# Small square bale capacity on a 30 ft flatbed



## Horsepower326 (8 mo ago)

So I'm getting into a little bit larger scale hay transport recently, and I'm looking at trailers. Right now I have access to a friend's 30 ft x 8 ft tandem dual flatbed that I can use to move hay. My question is how many bales can be fit on a trailer like that. I am just using small 2 tie square bales. Probably 60 to 70 lb a piece. The place I get them at has a loader that can place them on the trailer nice and tight and neat.


----------



## eberlej0 (Jan 9, 2022)

Horsepower326 said:


> So I'm getting into a little bit larger scale hay transport recently, and I'm looking at trailers. Right now I have access to a friend's 30 ft x 8 ft tandem dual flatbed that I can use to move hay. My question is how many bales can be fit on a trailer like that. I am just using small 2 tie square bales. Probably 60 to 70 lb a piece. The place I get them at has a loader that can place them on the trailer nice and tight and neat.
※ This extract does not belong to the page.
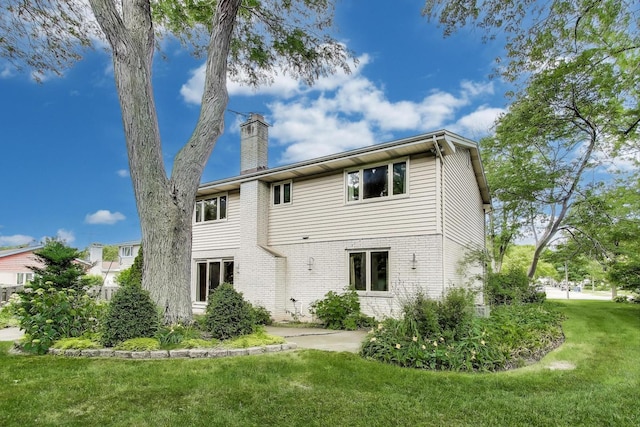 1904 Birch Rd, Northbrook, IL 60062 - back of property with a chimney, a lawn, and brick siding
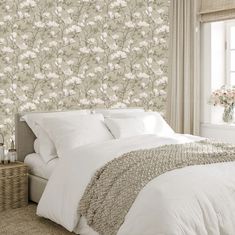 a white bed sitting under a window next to a wallpaper covered in flowers and leaves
On my 30' gooseneck, I load 40 bales per layer. Typically I will go five high for 200 bales. Easy comfortable load. My bales are 18" wide X 14" high by 36" long. I try to make them weigh around 50#. Just bringing them to the barn I may go 6 high but that's reaching the limits of my loader as far as height goes. First layer you want to spread out some and tighten up the layers as you go up. Top tier is nice and tight forming somewhat of a pyramid. I use a 10 bale accumulator and grapple.


----------



## Hayjosh (Mar 24, 2016)

If stacking them 5 high you can get 100 bales per 14’. So 200 bales. If you go 6 high you can go 240. If you get creative with stacking the bottom on edge and then every other row after, you can get even more.


----------



## Ox76 (Oct 22, 2018)

I can get 270 on if I split up the grabs on the tail. Otherwise with no special handling 240. I can do 280 total on the heaviest and biggest load with 10 on the flatbed of the truck pulling the trailer. Yes, it's heavy. Yes, it's overweight. Yes, I'm a farmer taking my crop to market so I keep it at 100 miles air radius to be safe.


----------